RFA accuses Big Oil of 'far from factual' E15 test results

Renewable Fuels Association (RFA) is adding to its campaign arsenal to block Big Oil from winning the E15 battle. This time it's going with debate tactics.

Kristy Moore, vice president of technical services at RFA, posted on the association's blog a detailed list the "far from factual" items in the Coordinating Research Council's engine durability study. The American Petroleum Institute (the leading Big Oil association) has used the CRC study to convince the public and courts that blended gasoline with 15 percent ethanol (E15) is very bad for engines.

Moore presented a chart from the study and referenced API/CRC press releases to throw out a couple of damaging statistics – 33 percent of the tested vehicles failed on gasoline with no ethanol; and 75 percent of the eight vehicle models tested passed on E20, yet somehow one of the duplicate models failed.

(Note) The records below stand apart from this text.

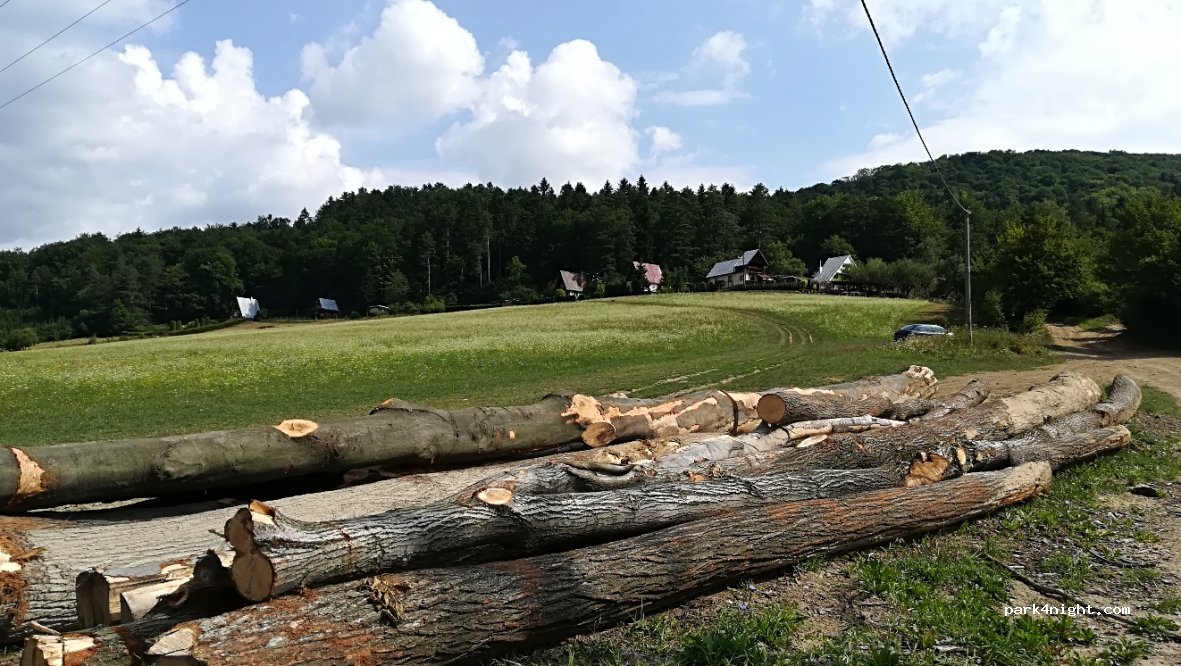 (085 01) Bardejov - Makovická — foto 2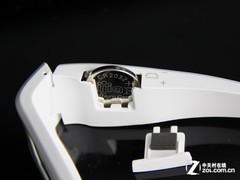 ֵorsˮ fԪ(ni)3D 1080pͶӰC(j)Mu 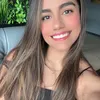 yuliannytr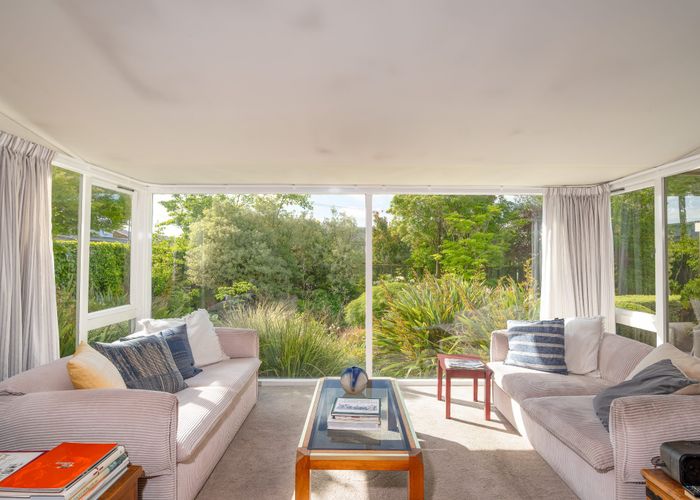  at 166 Ilam Road, Ilam, Christchurch City, Canterbury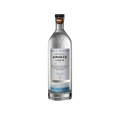Amaras Logia Mezcal Artesanal Limited Edition  Sierra Negra 750 ml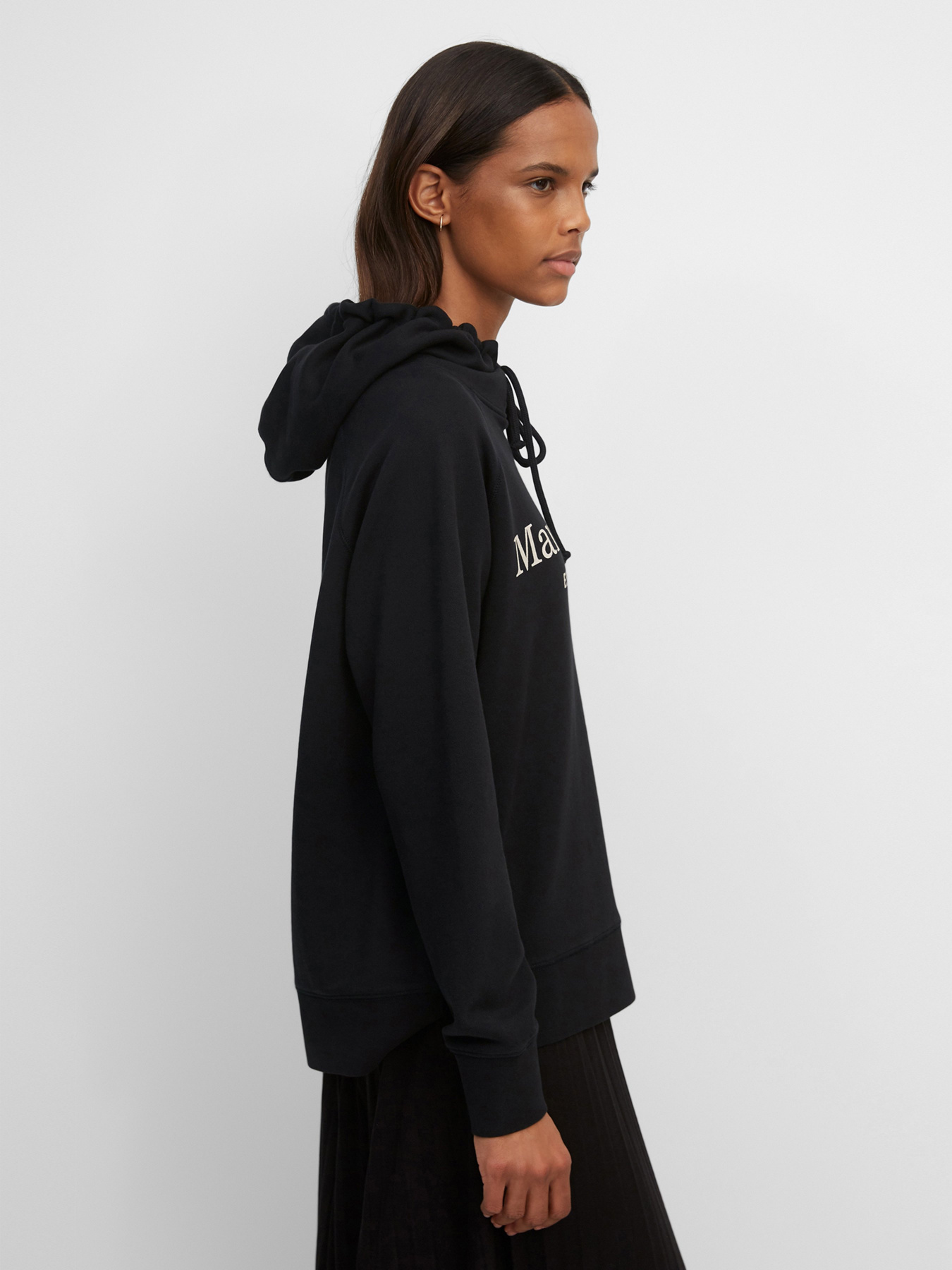 Худі Marc O’Polo модель 107400154127-990 Фото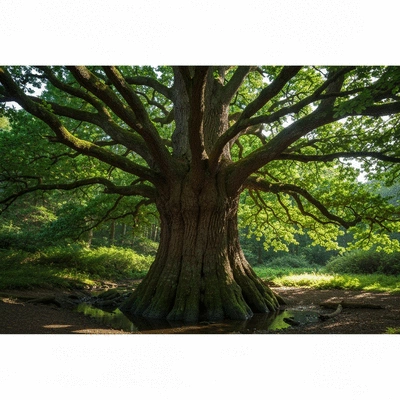 Blueprint and construction tools on a table, symbolizing project planning.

Moore said the US Department of Energy confirmed that the test protocol used by API was highly speculative. The RFA didn't participate in the API study because the protocals and pass/fail criteria were questionable, the vehicles in the study were geared to provoke engine failures, and the test fuels included weren't accurate. "In my assessment, the RFA and government agencies didn't want to participate simply because they didn't want to waste taxpayer money on political science," Moore wrote.